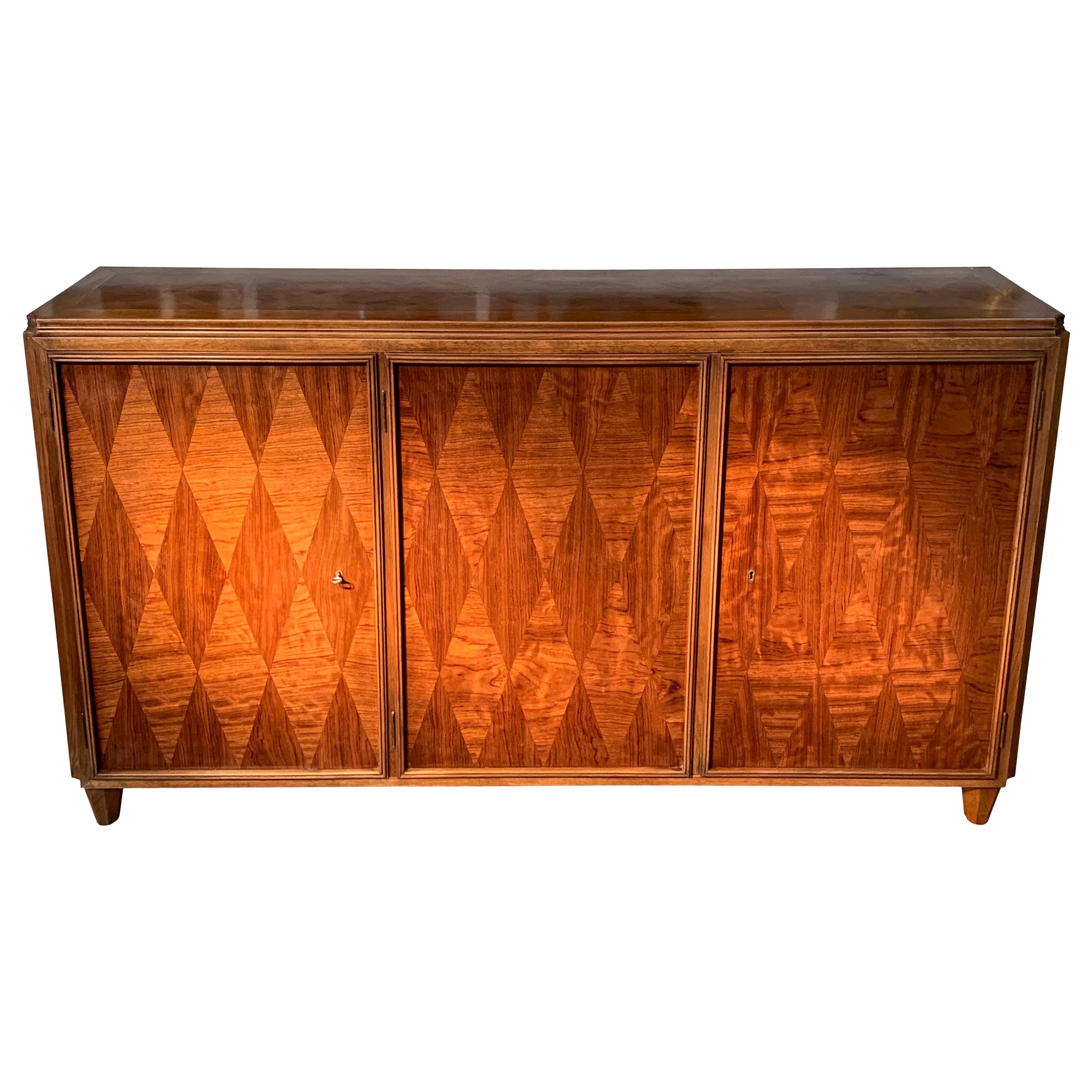 Walnut Parquet and Inlaid Top Credenza in the Style of Osvaldo Borsani, 1930s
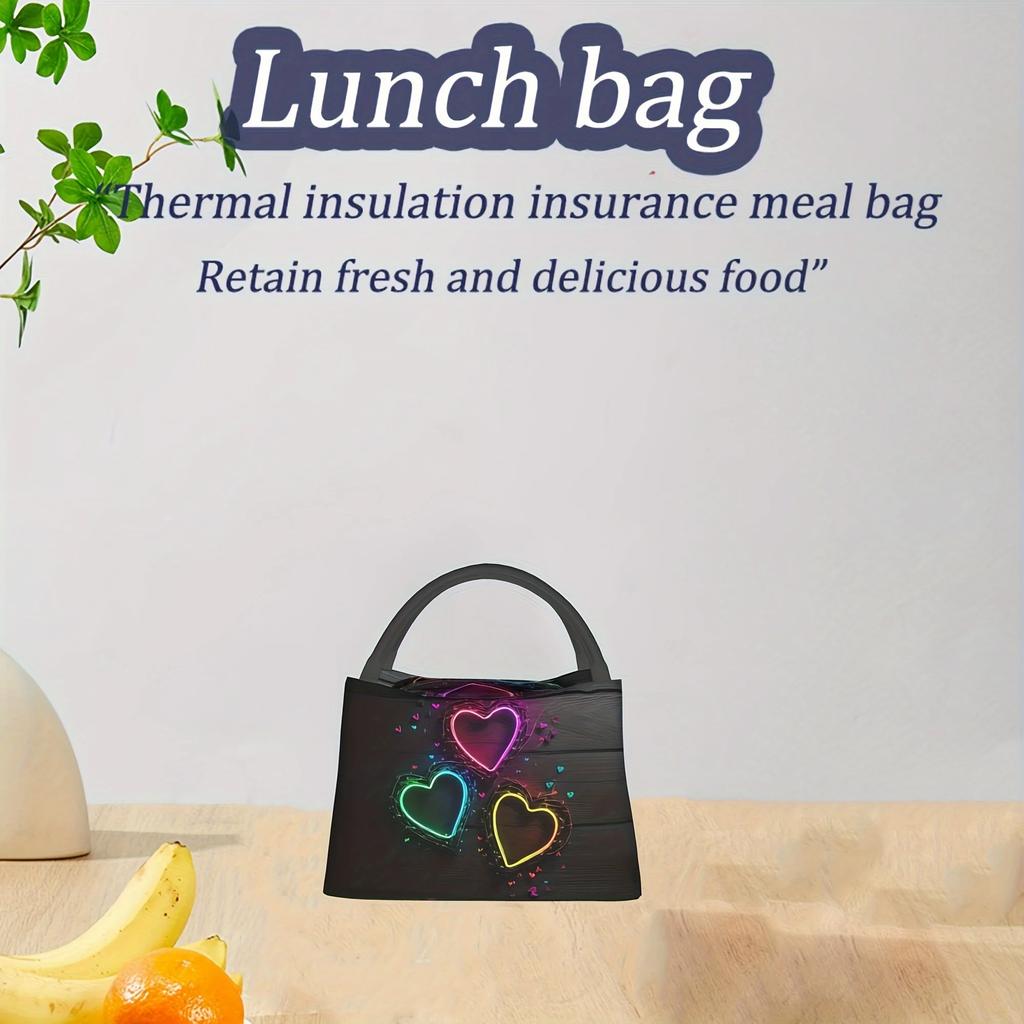 Love Heart Insulated Lunch Bag - Reusable, Portable Cooler for School, Office, Picnics & Beach Hikes - Durable Polyester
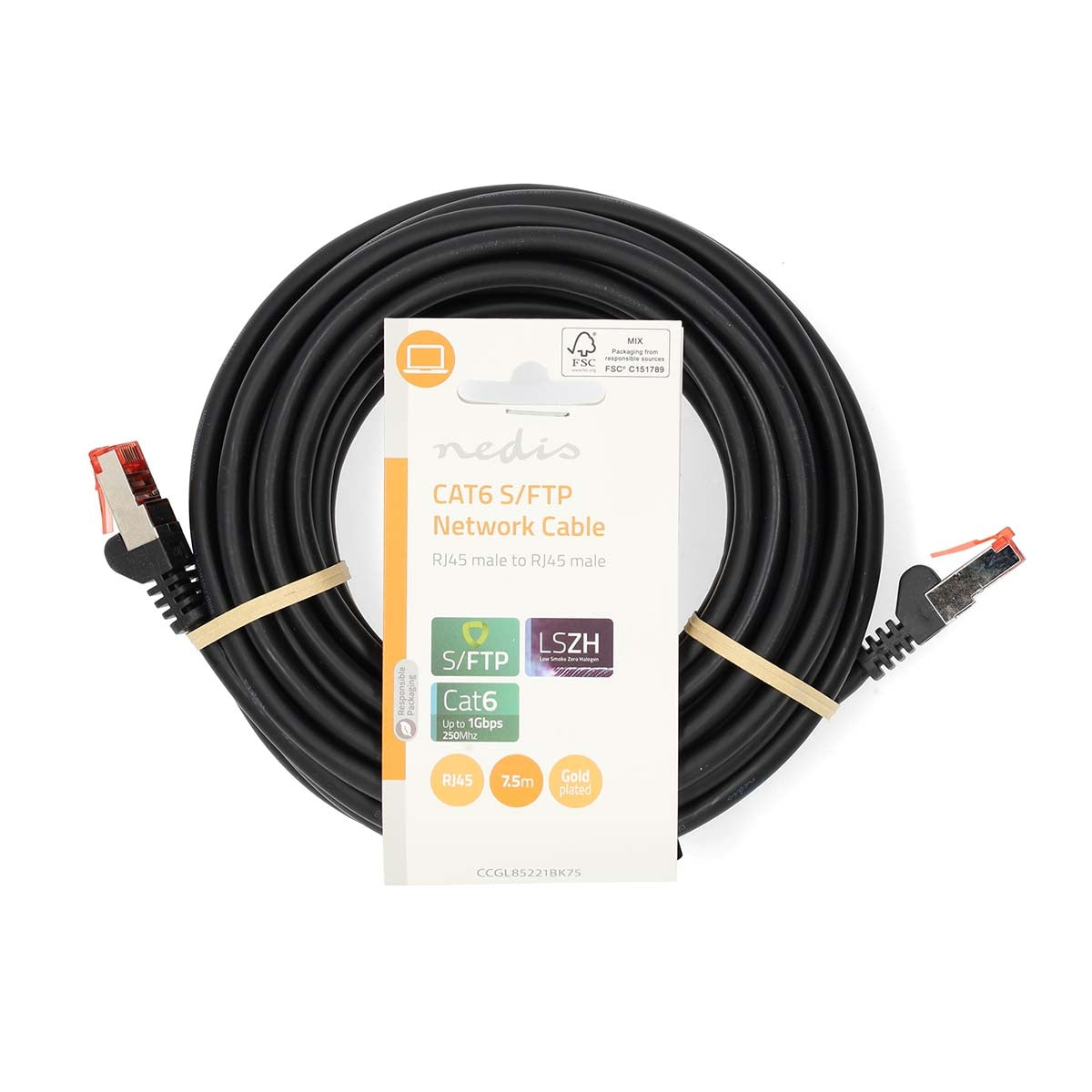 CAT6 Network Cable | RJ45 male | RJ45 male | S/FTP | 7.50 m | Round | LSZH | Black | Label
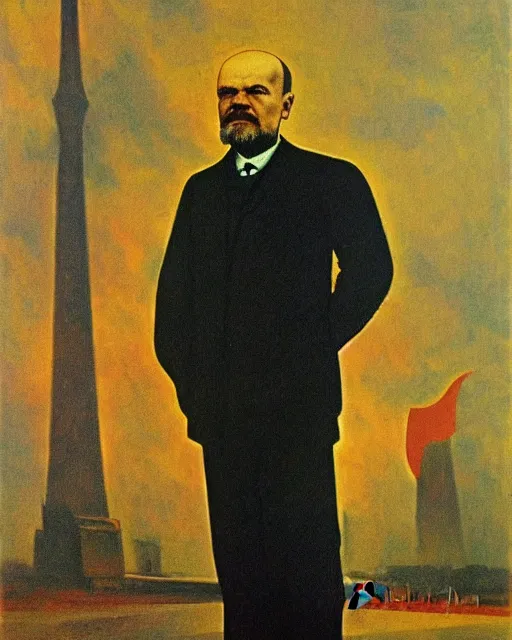 Image similar to vladimir illich lenin, leader of the world proletariat, socialist realism, art art, good quality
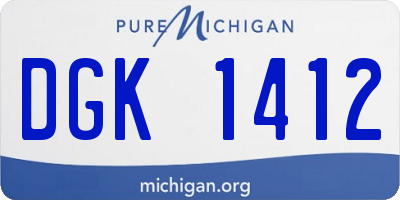 MI license plate DGK1412
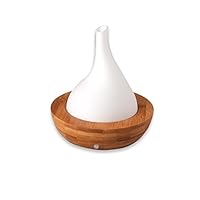 Zennery Bamboo Ultrasonic Aroma Diffuser - Pear Shaped White Glass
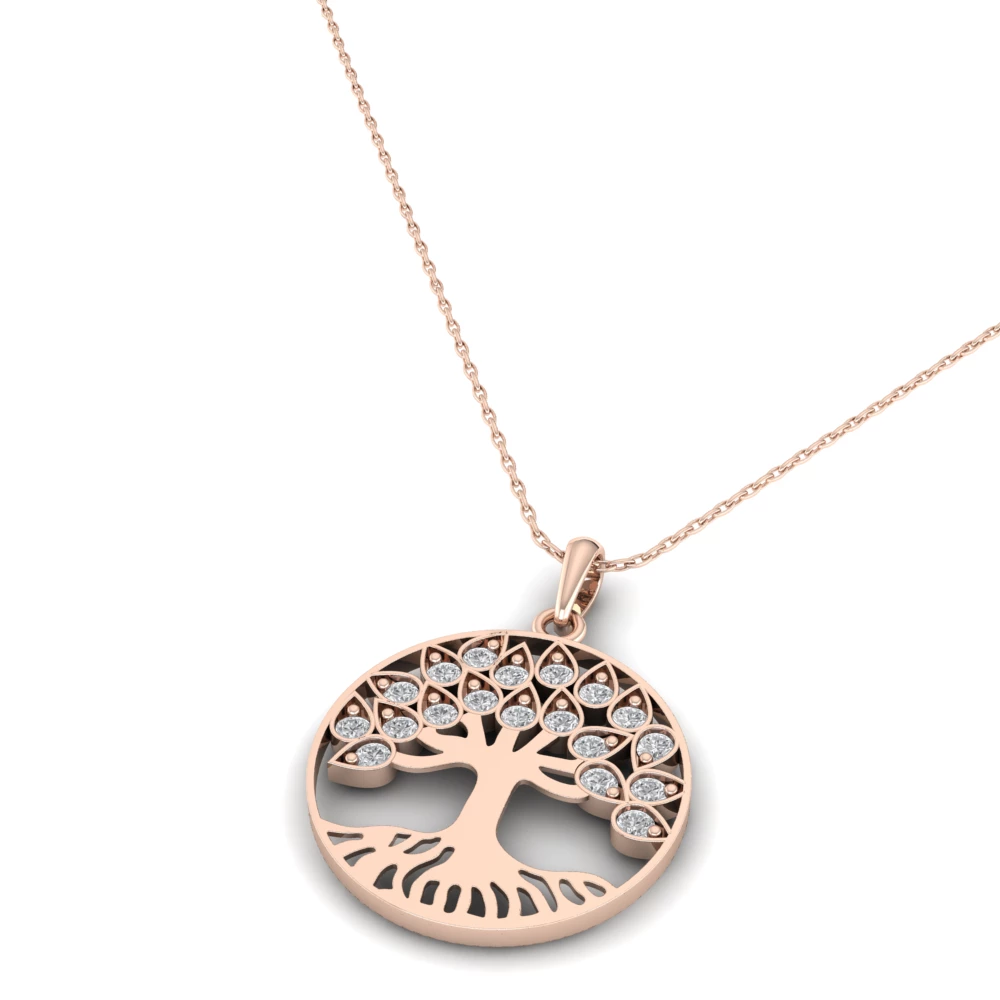 Pargold Solid Gold Tree of Life Serenity Pendant -Rose_Diamond_Diamond_Static_Rose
* * * *
[YOUR INSTRUCTIONS]
Each line of the data above is to be output exactly; the pictures are not to appear.

[ANSWER]
 Walnut Parquet and Inlaid Top Credenza in the Style of Osvaldo Borsani, 1930s
 Love Heart Insulated Lunch Bag - Reusable, Portable Cooler for School, Office, Picnics & Beach Hikes - Durable Polyester
 CAT6 Network Cable | RJ45 male | RJ45 male | S/FTP | 7.50 m | Round | LSZH | Black | Label
 Image similar to vladimir illich lenin, leader of the world proletariat, socialist realism, art art, good quality
 MI license plate DGK1412
 Zennery Bamboo Ultrasonic Aroma Diffuser - Pear Shaped White Glass
 Pargold Solid Gold Tree of Life Serenity Pendant -Rose_Diamond_Diamond_Static_Rose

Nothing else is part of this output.